=== Begin Enclosure ===

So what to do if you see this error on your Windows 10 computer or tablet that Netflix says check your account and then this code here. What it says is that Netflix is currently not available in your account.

=== End Enclosure ===
=== Begin Enclosure ===

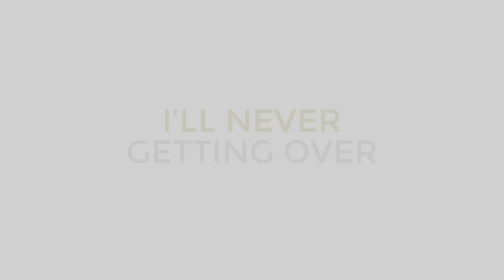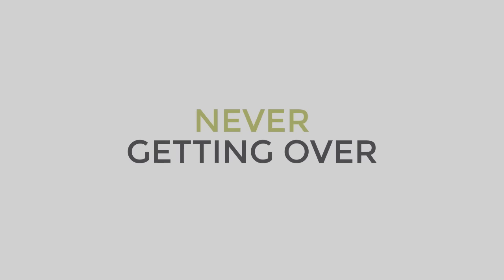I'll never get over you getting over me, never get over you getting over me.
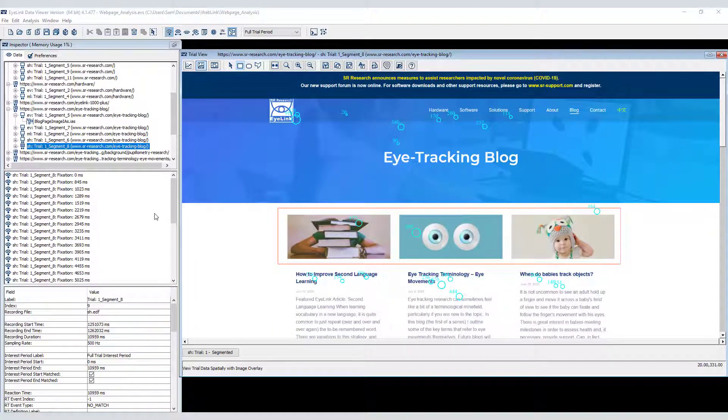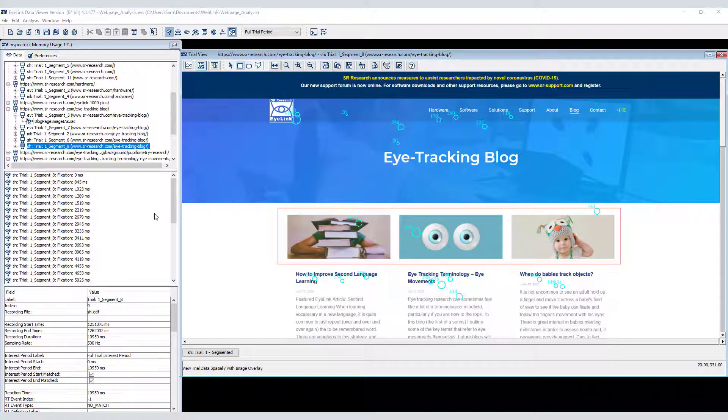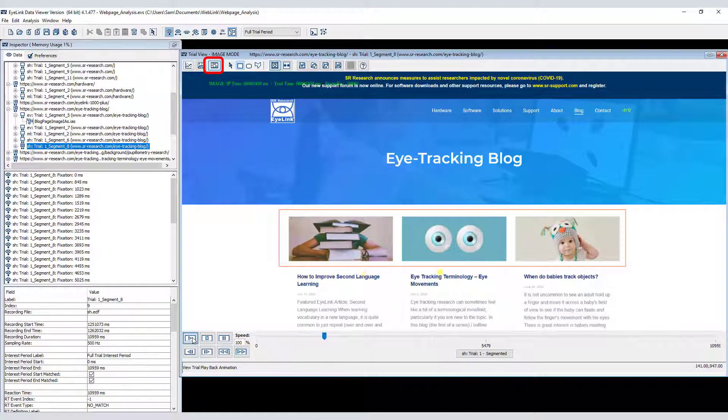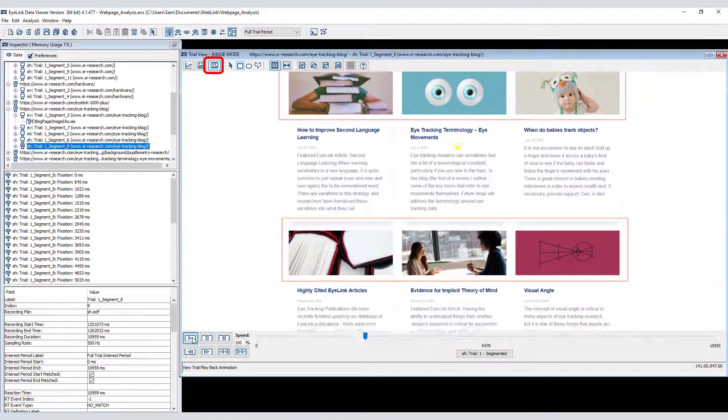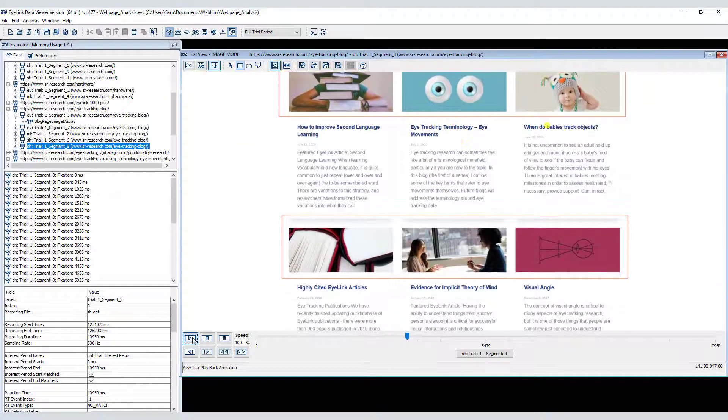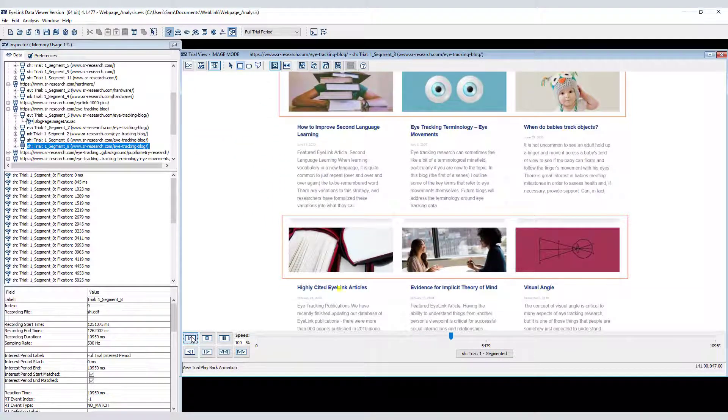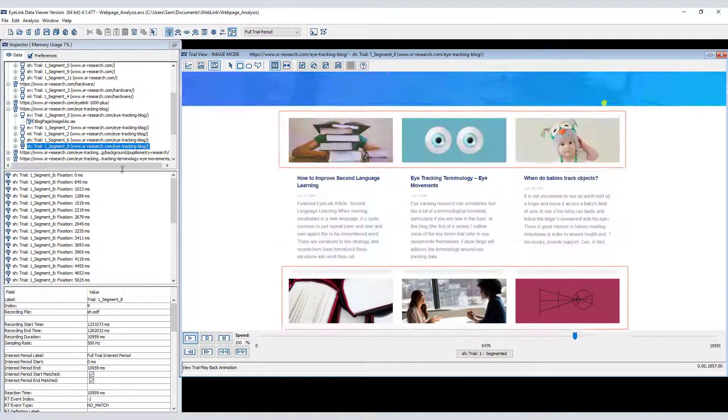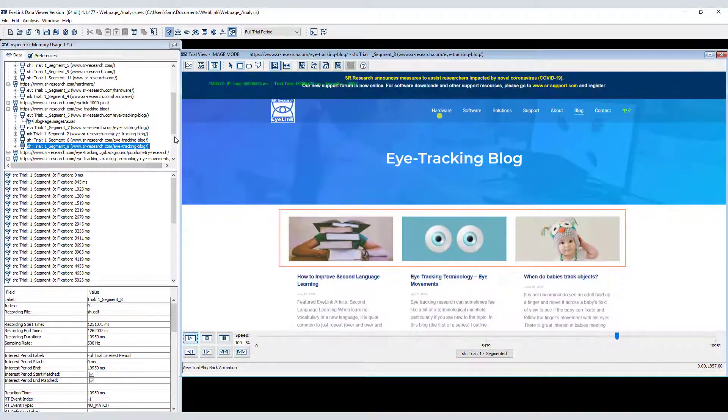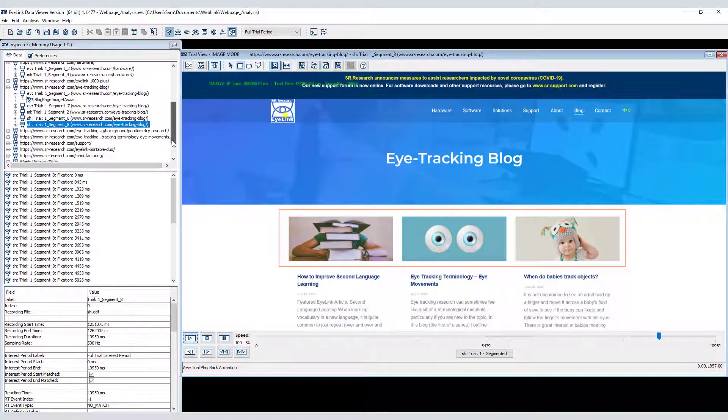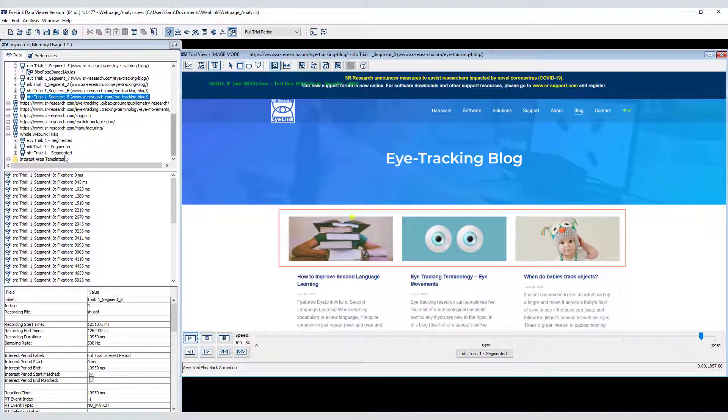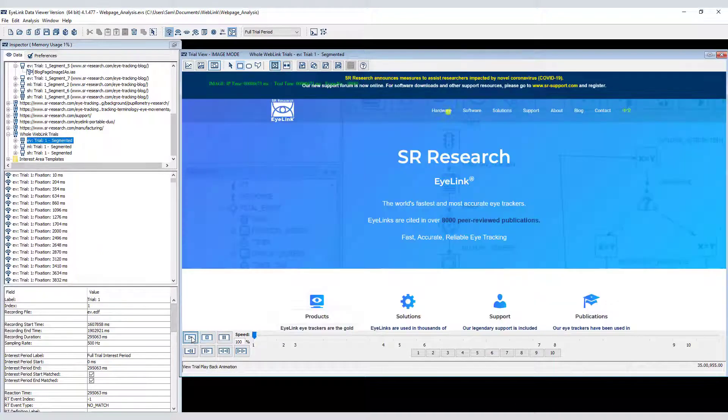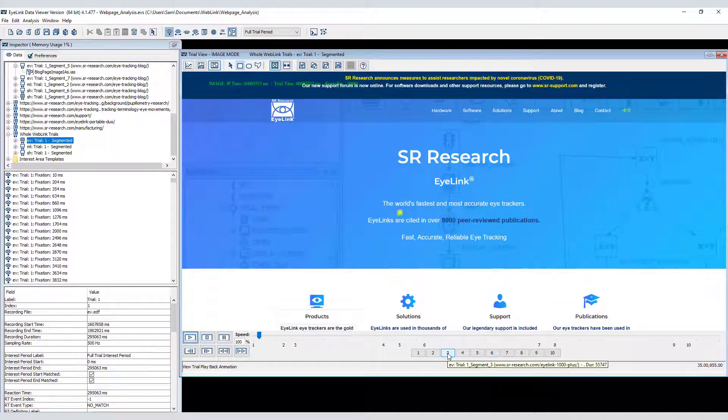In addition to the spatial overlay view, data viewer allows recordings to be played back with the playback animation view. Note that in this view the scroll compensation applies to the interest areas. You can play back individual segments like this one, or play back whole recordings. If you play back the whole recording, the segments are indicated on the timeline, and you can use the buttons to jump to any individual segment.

=== End Enclosure ===

▸ Prompt
The copy should hold exactly the lines above from the one with "I'll never get" through the one with "In addition to", both ends counted, and no pictures at all.

▸ Answer to this task
I'll never get over you getting over me, never get over you getting over me.
In addition to the spatial overlay view, data viewer allows recordings to be played back with the playback animation view. Note that in this view the scroll compensation applies to the interest areas. You can play back individual segments like this one, or play back whole recordings. If you play back the whole recording, the segments are indicated on the timeline, and you can use the buttons to jump to any individual segment.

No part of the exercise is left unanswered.